Et puis, "sans régulation" c’est un poil exagéré. Internet s’est
plutôt construit de manière autogérée, s’appuyant sur des textes non
contraignants mais reconnus et respectés par tous ceux qui voulaient
continuer à discuter ensemble. Des exemples à suivre, modestement nommés
Requête à Commentaires (RFC en anglais), pour définir à quoi ressemble
un courriel (http://tools.ietf.org/html/rfc2822) par exemple, et qui ont
aujourd’hui le prestige et l’impact que les lois n’ont plus tout à
fait concernant Internet.
> Or la nature libératoire de la technologie semble favoriser plutôt
certaines formes de libertés sur d’autres, notamment les plus
individuelles.
On en revient à oublier qu’Internet n’est que ce que les humains ont
pris le temps d’en faire. Quand tout va bien, les fourchettes servent à
manger. En temps de guerre civile, elles pourraient alors favoriser le
meurtre au corps à corps.
> Comment le solutionnisme sape les fondements mêmes de l’engagement
>
> Pour Golumbia, dès que les ordinateurs sont impliqués, les gens de
gauche - quand ils ne rejettent pas sans discussion toute approche
technologique - semblent perdre toute raison critique... acceptant sans
broncher "ces politiques de l’utopie numérique qui s’appuient sur un
discours de la transformation radicale".
En fait, j’aurais aimé que les hommes politiques de droite se fassent
eux aussi une raison critique vis à vis d’Internet, au lieu de nous
voter les HADOPI 1
(https://fr.wikipedia.org/wiki/Loi_Création_et_Internet#Opposition) et 2
(https://fr.wikipedia.org/wiki/Loi_relative_à_la_protection_pénale_de_la_propriété_littéraire_et_artistique_sur_internet)
(DADVSI
(https://fr.wikipedia.org/wiki/DADVSI#Pol.C3.A9miques_au_sujet_de_la_loi_DADVSI),
LOPPSI (https://fr.wikipedia.org/wiki/LOPPSI#Critiques)…) et autre
horreurs comme le TAFTA
(https://paris-luttes.info/spip.php?page=recherche&recherche=tafta) qui
vient. Certes, ceux étiquetés de gauche nous ont voté presque autant
d’affreusetés dès leur arrivée au pouvoir, comme la LPM (légalisant
un quasi-Prism à la française
(http://bugbrother.blog.lemonde.fr/2013/12/10/tout-ce-que-vous-avez-toujours-voulu-savoir-sur-la-lpm-et-que-vous-avez-ete-nombreux-a-me-demander/)).

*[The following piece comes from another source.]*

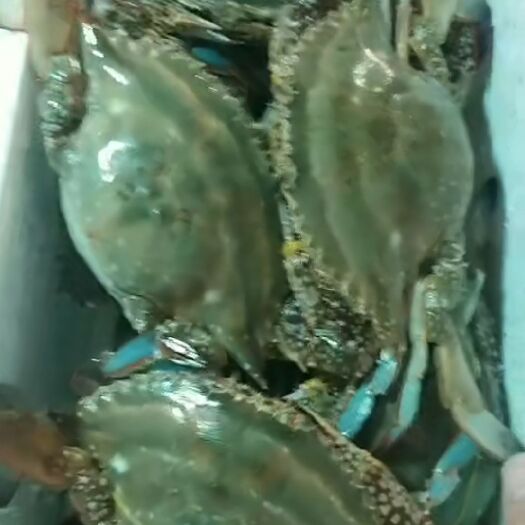 黄骅市梭子蟹 纯渤海海鲜，保质保量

Ma critique est donc moins clivée. Cette technologie nouvelle n’est
globalement pas bien appréhendée par les "élites" gouvernantes, quelque
que soit leur bord. Sinon ils n’essaieraient pas de faire passer des lois
inapplicables et/ou contraires à la constitution. Après si on veut parler
des intellectuels de gauche, on trouve des blogs (comme celui de Philippe
Aigrain (http://paigrain.debatpublic.net/)), qui ne perdent pas toute
raison critique et proposent un cadre législatif de gauche pour Internet
et notre usage actuel du réseau (majoritairement, en volume :
s’échanger des films et des musiques).
> Pour les cyberlibertariens,
Donc on n’a pas pu définir qui ils sont, mais on va leur faire dire des
trucs quand même.
> le monde politique est si radicalement transformé par la technologie
numérique que les anciennes règles ne s’appliquent plus et qu’il faut
donc trouver de nouvelles normes éthiques et politiques.
Je suis donc au moins d’accord avec le billet sur une chose, et ça
m’inquiète subitement, serai-je un cyberliber-truc ? Est-ce que la
technologie a sapé mon engagement ? Ah non, c’est bon.
Cette technologie m’a au contraire menée à d’autres personnes, qui
ont aiguisé mes convictions et ont partagé avec moi leurs modes
d’action. De GUL
(https://fr.wikipedia.org/wiki/Groupe_d%27utilisateurs_Linux) en GUL, le
long de mes études, j’en suis devenu vice-président du Groupe des
Utilisateurs de GNU/Linux de Paris, Parinux (https://www.parinux.org/). De
DADVSI en HADOPI, j’en suis arrivé à croiser les amis de la Quadrature
du Net sur les bancs réservés au public à l’assemblée nationale et
poursuivre la collaboration depuis tout en agissant concrètement en
devenant (après des années d’adhésion simple) trésorier d’un
fournisseur d’accès à internet, libre et associatif (FDN.fr
(http://www.fdn.fr)) et du Fond de Défense de la Neutralité du Net (FDN2
(http://www.fdn2.org)).
> Tant et si bien que les cyberlibertariens semblent désormais partout,
même s’ils revendiquent rarement ce titre.
Ce qui n’aide pas à définir le terme…
> Pour la journaliste Jessica Roy, "le narcissisme se fait passer pour du
futurisme éclairé" s’énerve-t-elle en dénonçant la méritocratie
sexiste, raciste et de classe des développeurs de la Silicon Valley.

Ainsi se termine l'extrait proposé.